[Short web captions]
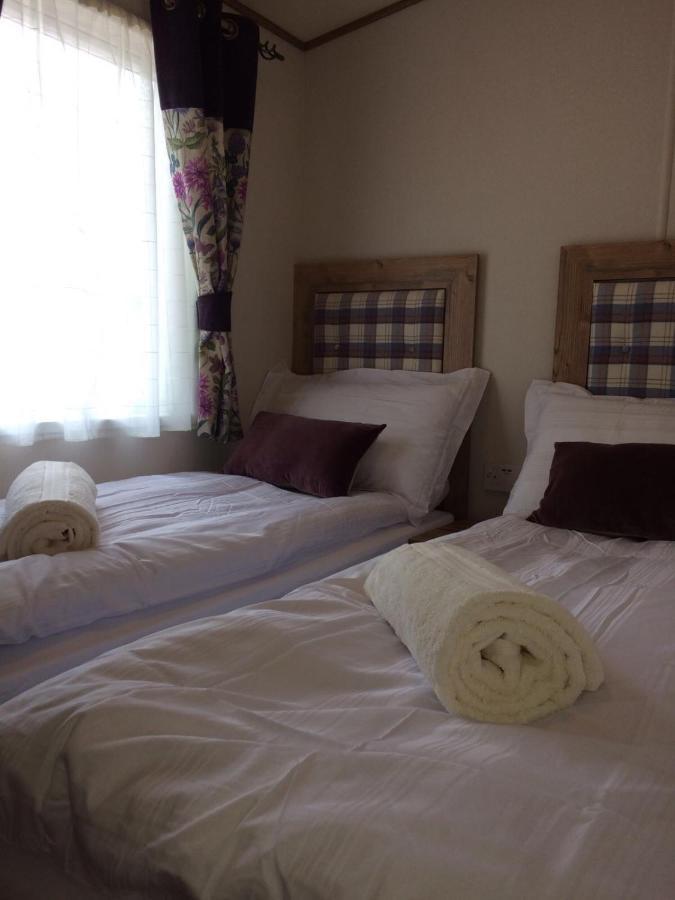 Cragganmore Lodge Aviemore Exterior foto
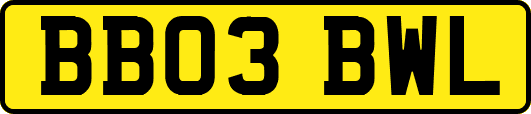 BB03BWL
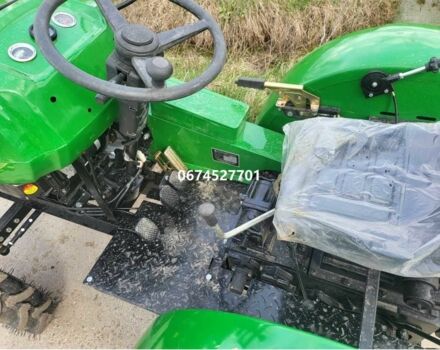 Інша Інша, об'ємом двигуна 0 л та пробігом 1 тис. км за 2850 $, фото 4 на Automoto.ua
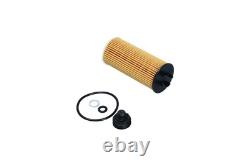 Kamoka Oil Filter Liqui Moly Top Tec 4200 5W-30 6L for Mini One COOPER S
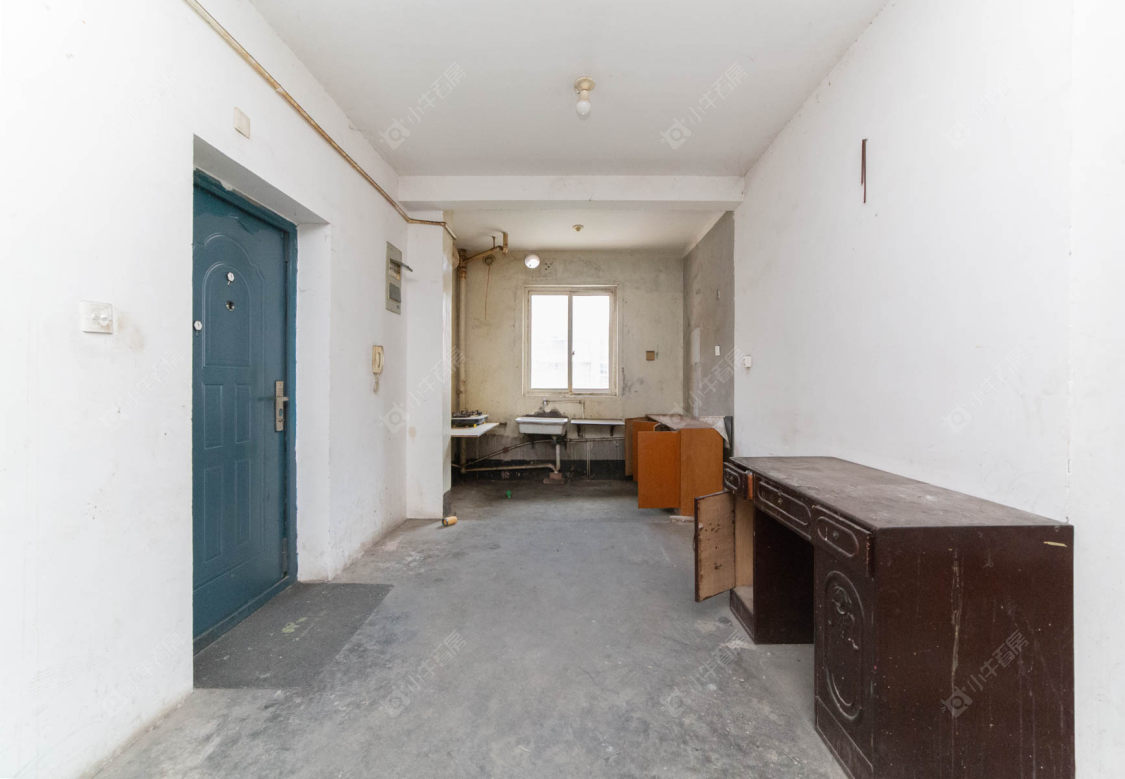 常州安家苑在售二手房源室内图_小牛看房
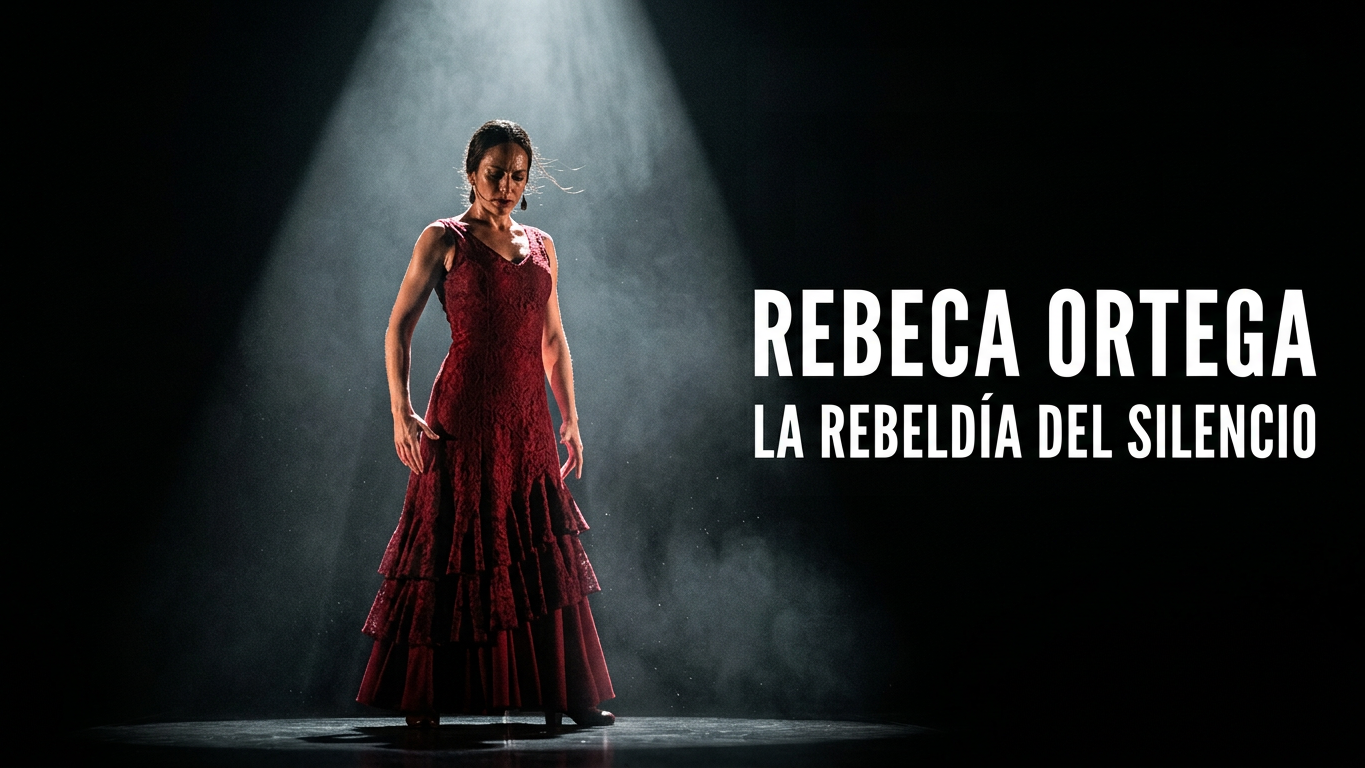 La Rebeldía del Silencio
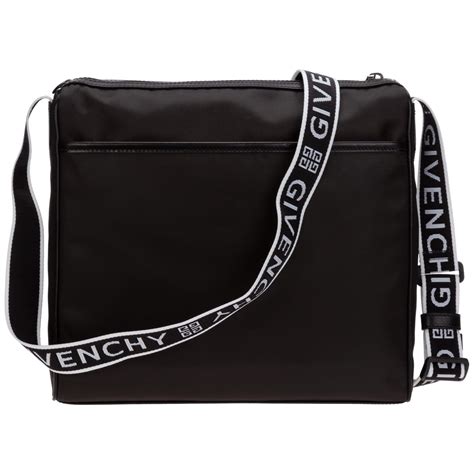 sac bandoulière homme givenchy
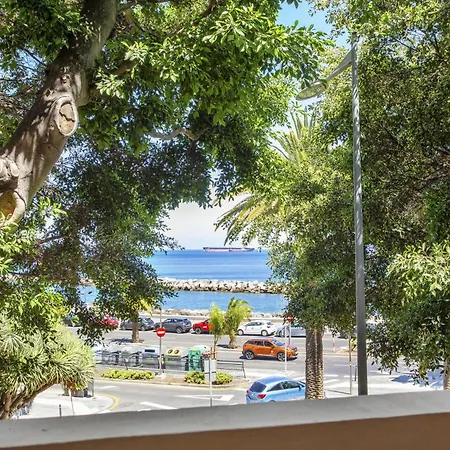 By The Sea * San Andrés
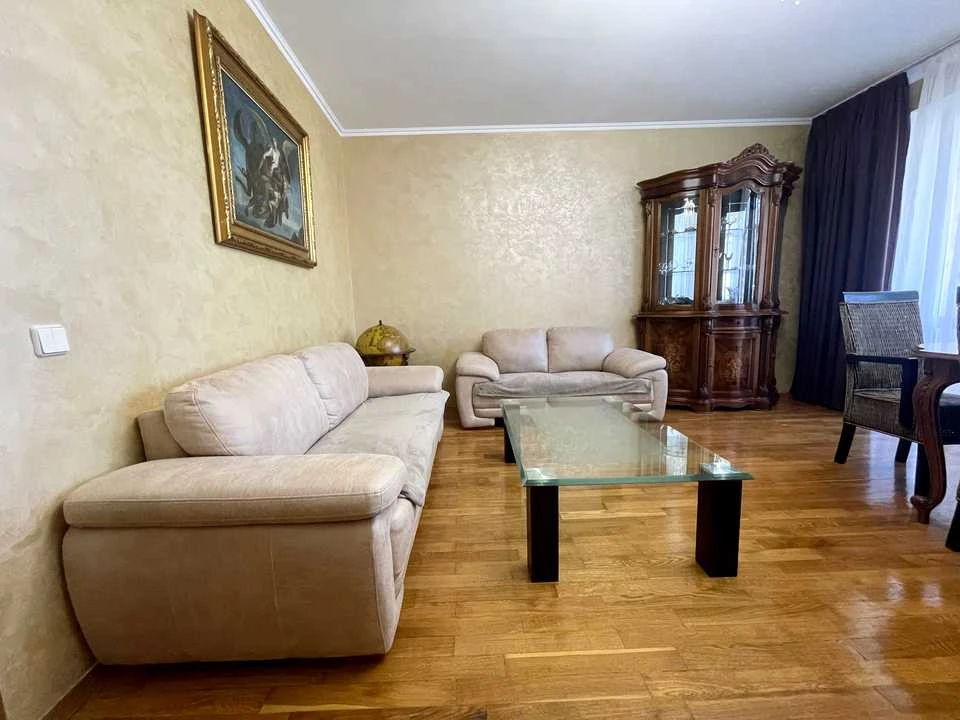 Apartment. Lesya Ukrainka Blvd, Kyiv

**EXERCISE DESCRIPTION**
Only the pictures are to be left out, and all of the data must otherwise be transcribed exactly.

**SOLUTION TO THIS EXERCISE**
 Cragganmore Lodge Aviemore Exterior foto
 BB03BWL
 Інша Інша, об'ємом двигуна 0 л та пробігом 1 тис. км за 2850 $, фото 4 на Automoto.ua
 Kamoka Oil Filter Liqui Moly Top Tec 4200 5W-30 6L for Mini One COOPER S
 常州安家苑在售二手房源室内图_小牛看房
 La Rebeldía del Silencio
 sac bandoulière homme givenchy
 By The Sea * San Andrés
 Apartment. Lesya Ukrainka Blvd, Kyiv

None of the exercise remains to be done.